### Study material
========

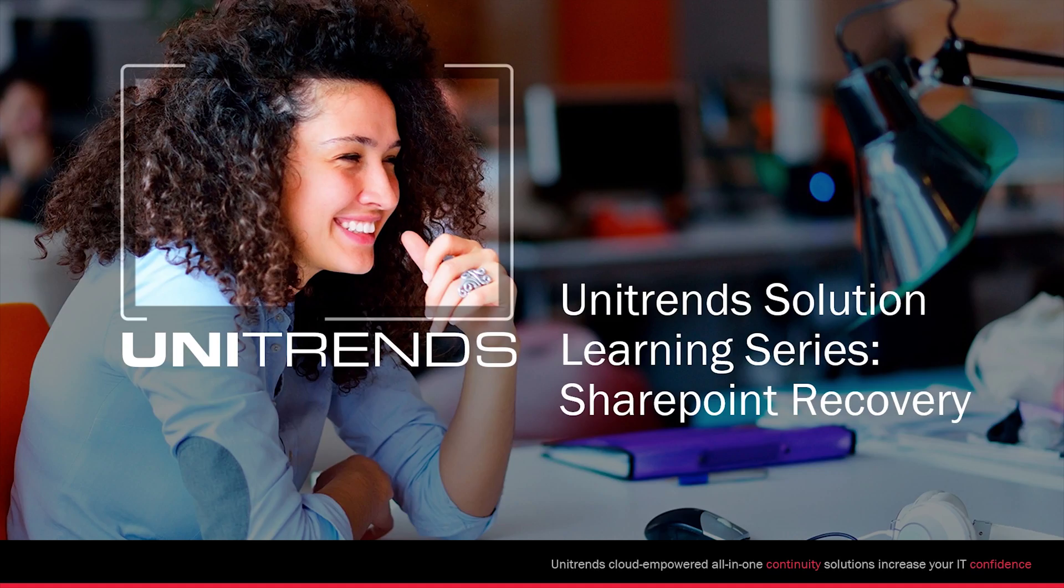Hello, welcome to this video of Unitrends restoring SharePoint and item level recovery.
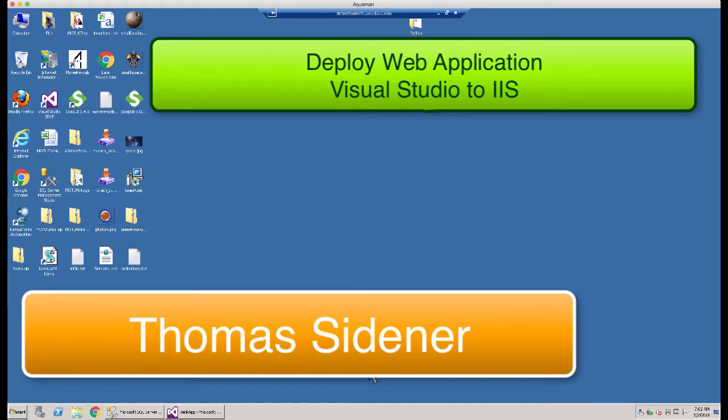Hello, this is Tom Seidner and in this video I'm going to show you how to take a web application that you've developed and deploy it to a web server so that you can make it available on the internet or within your local network.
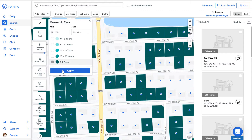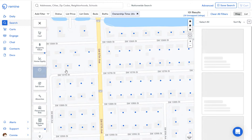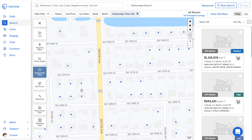If I select and apply the properties that have the ownership time of 20 years plus, or the time you've selected, the results will now stay on the page. Ownership time is calculated by counting forward from the last filed deed date.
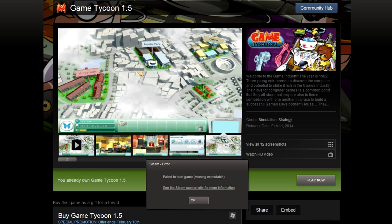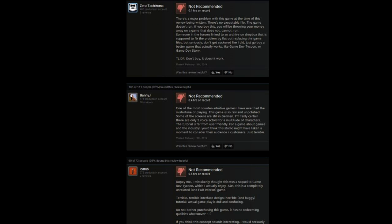You get a message that says fail to start game, missing executable. And if you go check out the reviews for the game, I may indeed throw up a little screenshot there while I talk about this. You'll notice that there's no executable file for the game. It was put on Steam without it.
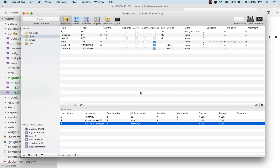That's it for this lesson. In the next lesson, we are going to create models for these three tables and get our hands dirty with running the tests. See you in the next one. Peace, bye.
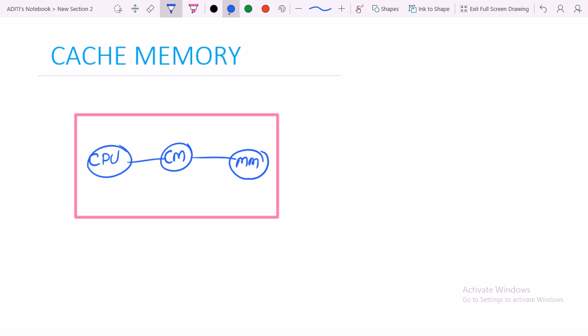It is used to hold the image of main memory data. Therefore, the CPU accesses the main memory data from the cache memory within less amount of time.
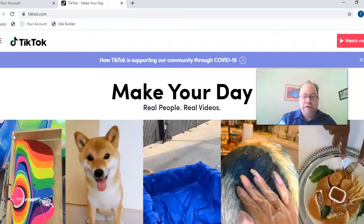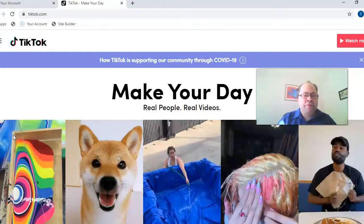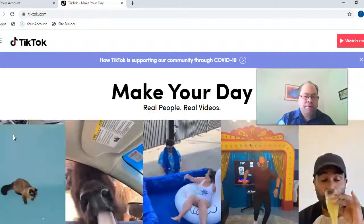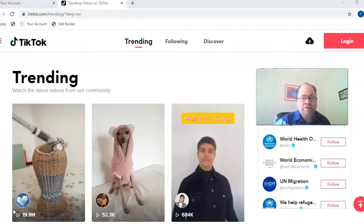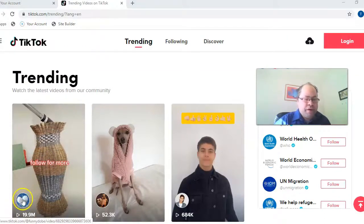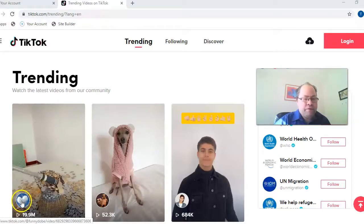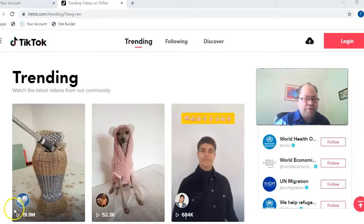So here's what TikTok looks like — you download a free app on your smartphone. As you can see, it reminds you a bit of Instagram. Now I'm going to talk about some other things — how you can build your business with TikTok.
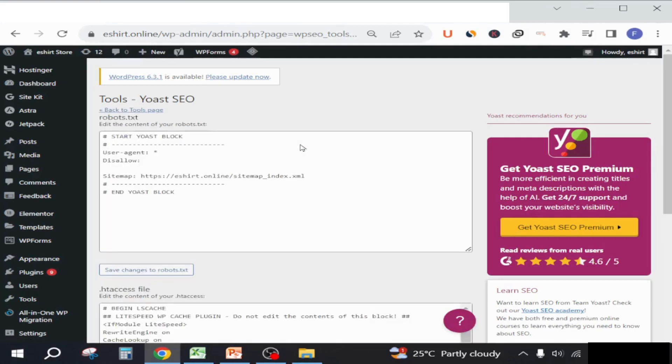Here at the tools section, you will see Yoast SEO plugin has automatically set up the robots.txt file.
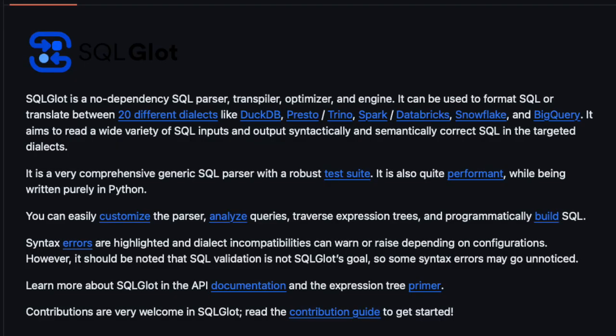Good evening everybody and welcome back to the channel. In today's video I want to talk about SQLGlot. I just came to know about this and I thought it's pretty interesting and a lot of data engineers could benefit from this, so without wasting any further time let's dive into SQLGlot.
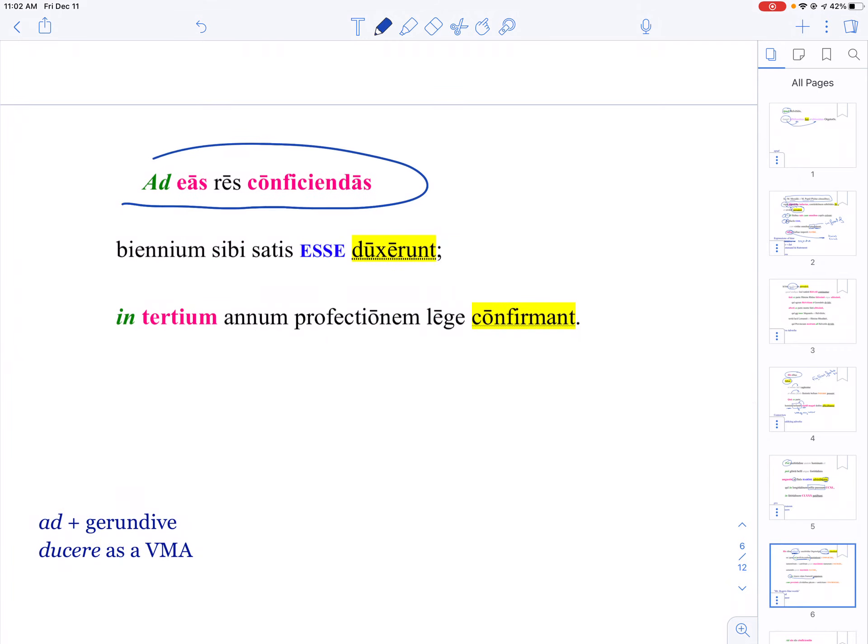Here we've got another ad plus a gerundive showing purpose, for the purpose of completing these things. Notice you can translate those actively—literally, 'for these things to be completed' or 'about to be completed'—but you can say 'in order to complete these things.'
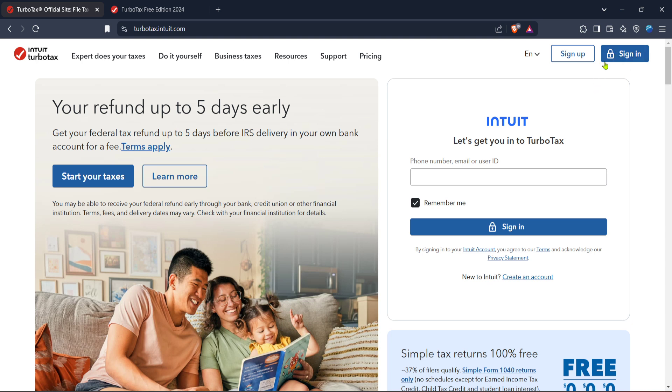If you don't have an account yet you'll need to create one, but most of you will likely already have one. After signing in you'll be navigated to your TurboTax home screen where all your filing options and tools are at your fingertips.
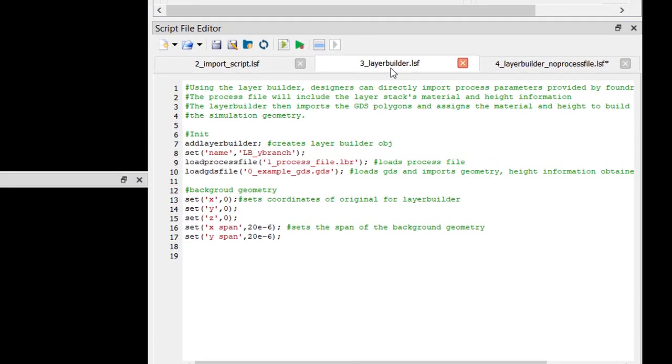Just like the other methods before, the Layer Builder can be scripted. The script is straightforward. Line 7 creates a Layer Builder object and we rename it. Lines 9 and 10 will load in a process file and a GDS file respectively. Lines 13 through 17 will set up the background geometry. In our example, this would be the cladding layer. Upon execution, we see our Y branches set up as expected.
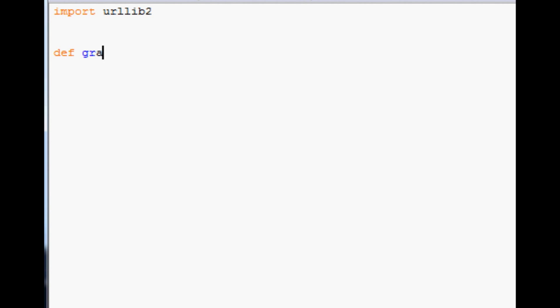And now we're going to just define our function for grabbing Quandl data. So define, and we're going to call it grab Quandl. And the only parameter we're really going to have is ticker. Now, here's where we would define some of our variables. If you have an auth token, you might want to define that. But really, what we're going to do is define the end link. And what this is going to be is the last bit to the link. And so here's where your auth token might go. But also we're going to define the sort order.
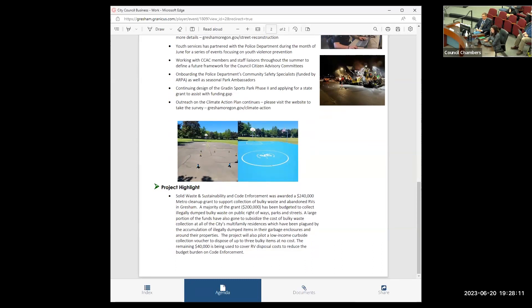And again, a lot of great examples in this month of how we're using grants and other resources to get our work done and to stretch our dollars further. And that is my report for this evening. Thank you.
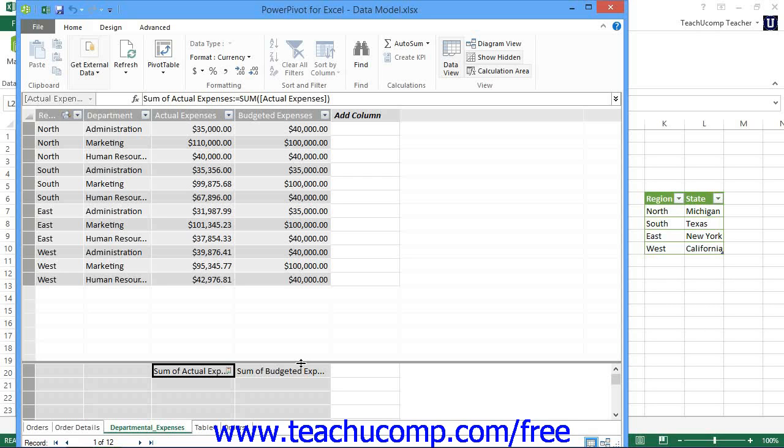Third, you must define the status threshold within the KPI. This is simply the range between a low and high threshold that determines how well the base value performed in attaining the target value. This is often displayed as a graphic within a PowerPivot table that shows the performance.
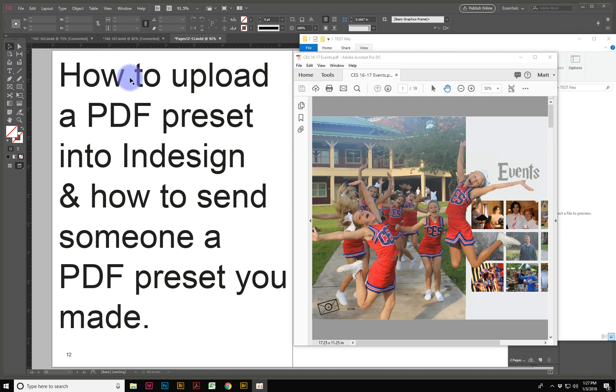All right, today we're going to look at how to upload a PDF preset into InDesign and how to send someone a PDF preset that you made.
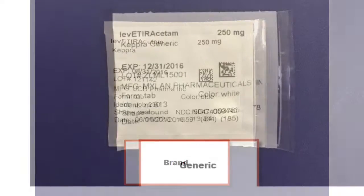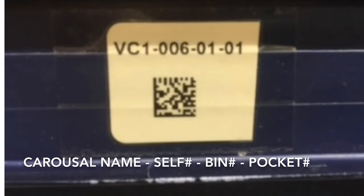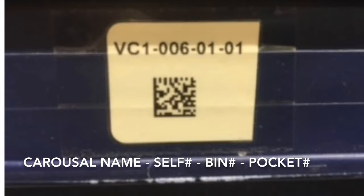The generics are kept in the carousel and on the cart fill wall. The carousels are organized by carousel name, shelf number, bin number, and pocket.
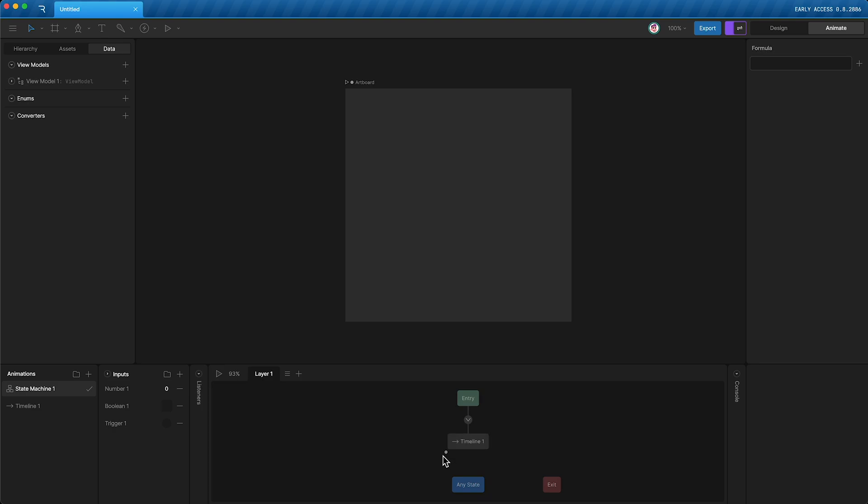As you probably know, Rive has a state machine, and up until this point, you could only control the state machine using state machine inputs. However, our new feature called data binding allows you to do a whole lot more.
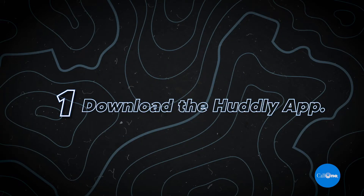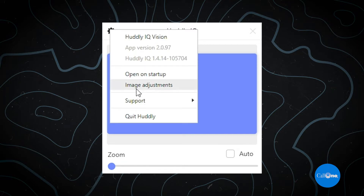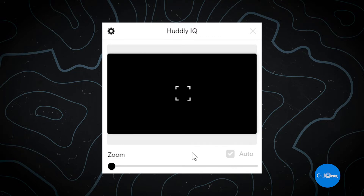First, you have to download the Hudley app. Here we have the Hudley IQ app. Once it's downloaded, you have different options — you can open startup, adjust image settings like brightness and other things. But to convert from manual framing to auto framing, you simply click 'Auto,' and doing that will now make your camera auto frame, or genius frame as they call it.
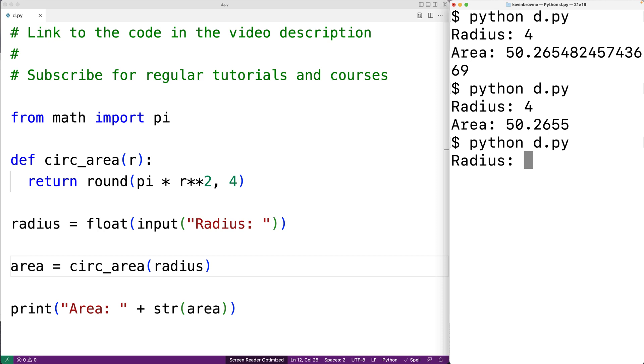And if we enter a radius of 4, we'll get back the correct result again. So this is how we can compute the area of a circle using Python.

========

### What you will do
Exactly the lines from the top of the entries through the line with "If I select", inclusive, must be given again, with every picture omitted.

### Final answer
Hello, welcome to this video of Unitrends restoring SharePoint and item level recovery.
Hello, this is Tom Seidner and in this video I'm going to show you how to take a web application that you've developed and deploy it to a web server so that you can make it available on the internet or within your local network.
If I select and apply the properties that have the ownership time of 20 years plus, or the time you've selected, the results will now stay on the page. Ownership time is calculated by counting forward from the last filed deed date.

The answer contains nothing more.